[PROBLEM STATEMENT]: Restate each entry word for word. Keep every detail intact.

※

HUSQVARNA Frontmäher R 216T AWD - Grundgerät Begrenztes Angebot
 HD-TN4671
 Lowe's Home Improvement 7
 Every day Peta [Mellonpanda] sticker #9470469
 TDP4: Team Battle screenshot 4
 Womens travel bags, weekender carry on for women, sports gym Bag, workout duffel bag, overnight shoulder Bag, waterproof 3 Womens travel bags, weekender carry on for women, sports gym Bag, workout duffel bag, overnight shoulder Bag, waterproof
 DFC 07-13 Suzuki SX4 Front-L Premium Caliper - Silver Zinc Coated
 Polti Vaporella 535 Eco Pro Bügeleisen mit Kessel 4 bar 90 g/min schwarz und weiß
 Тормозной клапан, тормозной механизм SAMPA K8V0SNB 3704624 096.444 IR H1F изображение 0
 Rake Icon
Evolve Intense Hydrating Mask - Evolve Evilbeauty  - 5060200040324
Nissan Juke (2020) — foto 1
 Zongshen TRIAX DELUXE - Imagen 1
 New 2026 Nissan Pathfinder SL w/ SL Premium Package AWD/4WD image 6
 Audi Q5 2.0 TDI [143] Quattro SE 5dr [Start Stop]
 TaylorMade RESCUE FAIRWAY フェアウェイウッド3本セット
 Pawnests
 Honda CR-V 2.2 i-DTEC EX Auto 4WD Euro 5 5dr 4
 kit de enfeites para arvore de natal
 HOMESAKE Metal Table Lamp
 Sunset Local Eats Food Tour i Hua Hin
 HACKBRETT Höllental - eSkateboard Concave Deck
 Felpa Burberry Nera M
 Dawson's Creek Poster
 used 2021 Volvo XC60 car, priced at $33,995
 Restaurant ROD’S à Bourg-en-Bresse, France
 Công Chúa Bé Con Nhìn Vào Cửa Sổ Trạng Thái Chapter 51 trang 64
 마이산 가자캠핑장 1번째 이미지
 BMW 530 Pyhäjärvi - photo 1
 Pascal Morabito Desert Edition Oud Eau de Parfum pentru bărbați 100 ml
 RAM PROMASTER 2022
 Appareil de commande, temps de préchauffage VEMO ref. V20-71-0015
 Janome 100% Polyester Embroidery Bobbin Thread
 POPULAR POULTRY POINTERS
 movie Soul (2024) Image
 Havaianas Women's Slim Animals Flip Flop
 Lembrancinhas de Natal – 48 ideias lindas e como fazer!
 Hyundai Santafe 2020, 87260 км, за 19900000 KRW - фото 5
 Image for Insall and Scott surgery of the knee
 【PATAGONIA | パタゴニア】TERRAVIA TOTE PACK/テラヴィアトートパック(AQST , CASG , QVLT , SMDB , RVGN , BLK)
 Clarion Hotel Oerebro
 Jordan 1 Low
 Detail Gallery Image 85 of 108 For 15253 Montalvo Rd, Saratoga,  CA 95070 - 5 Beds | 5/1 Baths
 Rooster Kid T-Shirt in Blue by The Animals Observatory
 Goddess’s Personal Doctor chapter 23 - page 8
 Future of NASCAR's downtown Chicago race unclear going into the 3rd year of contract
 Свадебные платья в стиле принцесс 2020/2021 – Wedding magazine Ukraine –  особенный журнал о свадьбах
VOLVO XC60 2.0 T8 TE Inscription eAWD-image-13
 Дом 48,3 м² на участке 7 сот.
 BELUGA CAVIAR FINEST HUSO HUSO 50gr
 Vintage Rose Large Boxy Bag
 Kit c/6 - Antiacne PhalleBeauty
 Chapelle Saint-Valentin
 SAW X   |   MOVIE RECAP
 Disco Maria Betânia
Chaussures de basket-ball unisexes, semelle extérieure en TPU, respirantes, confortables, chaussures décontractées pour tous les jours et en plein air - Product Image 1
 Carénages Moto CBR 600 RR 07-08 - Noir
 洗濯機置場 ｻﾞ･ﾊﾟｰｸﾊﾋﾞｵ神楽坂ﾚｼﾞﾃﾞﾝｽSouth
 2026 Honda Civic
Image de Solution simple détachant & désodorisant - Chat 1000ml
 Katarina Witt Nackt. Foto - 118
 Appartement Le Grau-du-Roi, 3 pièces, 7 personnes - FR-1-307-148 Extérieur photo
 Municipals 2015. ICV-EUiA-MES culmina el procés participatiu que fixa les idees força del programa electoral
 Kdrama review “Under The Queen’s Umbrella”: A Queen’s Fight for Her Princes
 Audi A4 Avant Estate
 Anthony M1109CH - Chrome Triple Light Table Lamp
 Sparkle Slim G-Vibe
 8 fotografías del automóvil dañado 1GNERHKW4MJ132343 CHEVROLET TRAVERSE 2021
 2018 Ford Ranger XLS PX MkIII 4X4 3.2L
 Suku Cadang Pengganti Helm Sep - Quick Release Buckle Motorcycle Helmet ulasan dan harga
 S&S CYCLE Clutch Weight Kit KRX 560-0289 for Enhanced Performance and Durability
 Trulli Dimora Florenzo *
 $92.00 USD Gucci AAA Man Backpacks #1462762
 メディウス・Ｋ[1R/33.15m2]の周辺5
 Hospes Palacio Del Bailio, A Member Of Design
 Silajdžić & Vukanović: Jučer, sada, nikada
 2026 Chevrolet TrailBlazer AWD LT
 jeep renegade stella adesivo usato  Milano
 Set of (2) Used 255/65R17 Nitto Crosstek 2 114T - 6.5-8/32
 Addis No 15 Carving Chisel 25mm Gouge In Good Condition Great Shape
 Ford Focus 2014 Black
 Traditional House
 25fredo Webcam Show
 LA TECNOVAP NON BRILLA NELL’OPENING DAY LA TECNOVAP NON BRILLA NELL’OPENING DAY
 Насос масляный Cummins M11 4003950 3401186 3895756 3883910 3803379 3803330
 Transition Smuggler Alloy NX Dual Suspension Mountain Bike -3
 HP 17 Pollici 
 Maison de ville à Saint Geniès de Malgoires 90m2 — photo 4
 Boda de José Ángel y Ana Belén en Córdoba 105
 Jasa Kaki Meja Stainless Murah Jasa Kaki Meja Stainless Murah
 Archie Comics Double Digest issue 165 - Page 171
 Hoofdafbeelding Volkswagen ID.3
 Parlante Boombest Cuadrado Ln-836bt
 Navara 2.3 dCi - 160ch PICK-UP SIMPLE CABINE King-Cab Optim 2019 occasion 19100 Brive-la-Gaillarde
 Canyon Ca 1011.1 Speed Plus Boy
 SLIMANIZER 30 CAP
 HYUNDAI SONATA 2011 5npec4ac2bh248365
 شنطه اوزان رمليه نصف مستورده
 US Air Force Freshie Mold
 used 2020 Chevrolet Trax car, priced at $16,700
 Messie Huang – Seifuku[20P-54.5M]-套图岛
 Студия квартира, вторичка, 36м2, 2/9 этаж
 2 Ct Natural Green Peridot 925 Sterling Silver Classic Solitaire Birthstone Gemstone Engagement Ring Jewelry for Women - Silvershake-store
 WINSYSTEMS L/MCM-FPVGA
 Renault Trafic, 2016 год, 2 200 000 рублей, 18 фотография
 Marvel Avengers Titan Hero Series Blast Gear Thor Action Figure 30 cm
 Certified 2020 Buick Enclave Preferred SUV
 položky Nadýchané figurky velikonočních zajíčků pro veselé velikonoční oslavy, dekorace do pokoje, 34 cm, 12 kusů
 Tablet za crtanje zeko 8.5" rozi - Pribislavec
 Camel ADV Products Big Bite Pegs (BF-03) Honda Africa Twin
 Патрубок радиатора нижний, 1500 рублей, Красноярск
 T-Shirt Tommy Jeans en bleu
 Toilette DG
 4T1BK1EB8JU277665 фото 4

※

[YOUR SOLUTION]:
HUSQVARNA Frontmäher R 216T AWD - Grundgerät Begrenztes Angebot
 HD-TN4671
 Lowe's Home Improvement 7
 Every day Peta [Mellonpanda] sticker #9470469
 TDP4: Team Battle screenshot 4
 Womens travel bags, weekender carry on for women, sports gym Bag, workout duffel bag, overnight shoulder Bag, waterproof 3 Womens travel bags, weekender carry on for women, sports gym Bag, workout duffel bag, overnight shoulder Bag, waterproof
 DFC 07-13 Suzuki SX4 Front-L Premium Caliper - Silver Zinc Coated
 Polti Vaporella 535 Eco Pro Bügeleisen mit Kessel 4 bar 90 g/min schwarz und weiß
 Тормозной клапан, тормозной механизм SAMPA K8V0SNB 3704624 096.444 IR H1F изображение 0
 Rake Icon
Evolve Intense Hydrating Mask - Evolve Evilbeauty  - 5060200040324
Nissan Juke (2020) — foto 1
 Zongshen TRIAX DELUXE - Imagen 1
 New 2026 Nissan Pathfinder SL w/ SL Premium Package AWD/4WD image 6
 Audi Q5 2.0 TDI [143] Quattro SE 5dr [Start Stop]
 TaylorMade RESCUE FAIRWAY フェアウェイウッド3本セット
 Pawnests
 Honda CR-V 2.2 i-DTEC EX Auto 4WD Euro 5 5dr 4
 kit de enfeites para arvore de natal
 HOMESAKE Metal Table Lamp
 Sunset Local Eats Food Tour i Hua Hin
 HACKBRETT Höllental - eSkateboard Concave Deck
 Felpa Burberry Nera M
 Dawson's Creek Poster
 used 2021 Volvo XC60 car, priced at $33,995
 Restaurant ROD’S à Bourg-en-Bresse, France
 Công Chúa Bé Con Nhìn Vào Cửa Sổ Trạng Thái Chapter 51 trang 64
 마이산 가자캠핑장 1번째 이미지
 BMW 530 Pyhäjärvi - photo 1
 Pascal Morabito Desert Edition Oud Eau de Parfum pentru bărbați 100 ml
 RAM PROMASTER 2022
 Appareil de commande, temps de préchauffage VEMO ref. V20-71-0015
 Janome 100% Polyester Embroidery Bobbin Thread
 POPULAR POULTRY POINTERS
 movie Soul (2024) Image
 Havaianas Women's Slim Animals Flip Flop
 Lembrancinhas de Natal – 48 ideias lindas e como fazer!
 Hyundai Santafe 2020, 87260 км, за 19900000 KRW - фото 5
 Image for Insall and Scott surgery of the knee
 【PATAGONIA | パタゴニア】TERRAVIA TOTE PACK/テラヴィアトートパック(AQST , CASG , QVLT , SMDB , RVGN , BLK)
 Clarion Hotel Oerebro
 Jordan 1 Low
 Detail Gallery Image 85 of 108 For 15253 Montalvo Rd, Saratoga,  CA 95070 - 5 Beds | 5/1 Baths
 Rooster Kid T-Shirt in Blue by The Animals Observatory
 Goddess’s Personal Doctor chapter 23 - page 8
 Future of NASCAR's downtown Chicago race unclear going into the 3rd year of contract
 Свадебные платья в стиле принцесс 2020/2021 – Wedding magazine Ukraine –  особенный журнал о свадьбах
VOLVO XC60 2.0 T8 TE Inscription eAWD-image-13
 Дом 48,3 м² на участке 7 сот.
 BELUGA CAVIAR FINEST HUSO HUSO 50gr
 Vintage Rose Large Boxy Bag
 Kit c/6 - Antiacne PhalleBeauty
 Chapelle Saint-Valentin
 SAW X   |   MOVIE RECAP
 Disco Maria Betânia
Chaussures de basket-ball unisexes, semelle extérieure en TPU, respirantes, confortables, chaussures décontractées pour tous les jours et en plein air - Product Image 1
 Carénages Moto CBR 600 RR 07-08 - Noir
 洗濯機置場 ｻﾞ･ﾊﾟｰｸﾊﾋﾞｵ神楽坂ﾚｼﾞﾃﾞﾝｽSouth
 2026 Honda Civic
Image de Solution simple détachant & désodorisant - Chat 1000ml
 Katarina Witt Nackt. Foto - 118
 Appartement Le Grau-du-Roi, 3 pièces, 7 personnes - FR-1-307-148 Extérieur photo
 Municipals 2015. ICV-EUiA-MES culmina el procés participatiu que fixa les idees força del programa electoral
 Kdrama review “Under The Queen’s Umbrella”: A Queen’s Fight for Her Princes
 Audi A4 Avant Estate
 Anthony M1109CH - Chrome Triple Light Table Lamp
 Sparkle Slim G-Vibe
 8 fotografías del automóvil dañado 1GNERHKW4MJ132343 CHEVROLET TRAVERSE 2021
 2018 Ford Ranger XLS PX MkIII 4X4 3.2L
 Suku Cadang Pengganti Helm Sep - Quick Release Buckle Motorcycle Helmet ulasan dan harga
 S&S CYCLE Clutch Weight Kit KRX 560-0289 for Enhanced Performance and Durability
 Trulli Dimora Florenzo *
 $92.00 USD Gucci AAA Man Backpacks #1462762
 メディウス・Ｋ[1R/33.15m2]の周辺5
 Hospes Palacio Del Bailio, A Member Of Design
 Silajdžić & Vukanović: Jučer, sada, nikada
 2026 Chevrolet TrailBlazer AWD LT
 jeep renegade stella adesivo usato  Milano
 Set of (2) Used 255/65R17 Nitto Crosstek 2 114T - 6.5-8/32
 Addis No 15 Carving Chisel 25mm Gouge In Good Condition Great Shape
 Ford Focus 2014 Black
 Traditional House
 25fredo Webcam Show
 LA TECNOVAP NON BRILLA NELL’OPENING DAY LA TECNOVAP NON BRILLA NELL’OPENING DAY
 Насос масляный Cummins M11 4003950 3401186 3895756 3883910 3803379 3803330
 Transition Smuggler Alloy NX Dual Suspension Mountain Bike -3
 HP 17 Pollici 
 Maison de ville à Saint Geniès de Malgoires 90m2 — photo 4
 Boda de José Ángel y Ana Belén en Córdoba 105
 Jasa Kaki Meja Stainless Murah Jasa Kaki Meja Stainless Murah
 Archie Comics Double Digest issue 165 - Page 171
 Hoofdafbeelding Volkswagen ID.3
 Parlante Boombest Cuadrado Ln-836bt
 Navara 2.3 dCi - 160ch PICK-UP SIMPLE CABINE King-Cab Optim 2019 occasion 19100 Brive-la-Gaillarde
 Canyon Ca 1011.1 Speed Plus Boy
 SLIMANIZER 30 CAP
 HYUNDAI SONATA 2011 5npec4ac2bh248365
 شنطه اوزان رمليه نصف مستورده
 US Air Force Freshie Mold
 used 2020 Chevrolet Trax car, priced at $16,700
 Messie Huang – Seifuku[20P-54.5M]-套图岛
 Студия квартира, вторичка, 36м2, 2/9 этаж
 2 Ct Natural Green Peridot 925 Sterling Silver Classic Solitaire Birthstone Gemstone Engagement Ring Jewelry for Women - Silvershake-store
 WINSYSTEMS L/MCM-FPVGA
 Renault Trafic, 2016 год, 2 200 000 рублей, 18 фотография
 Marvel Avengers Titan Hero Series Blast Gear Thor Action Figure 30 cm
 Certified 2020 Buick Enclave Preferred SUV
 položky Nadýchané figurky velikonočních zajíčků pro veselé velikonoční oslavy, dekorace do pokoje, 34 cm, 12 kusů
 Tablet za crtanje zeko 8.5" rozi - Pribislavec
 Camel ADV Products Big Bite Pegs (BF-03) Honda Africa Twin
 Патрубок радиатора нижний, 1500 рублей, Красноярск
 T-Shirt Tommy Jeans en bleu
 Toilette DG
 4T1BK1EB8JU277665 фото 4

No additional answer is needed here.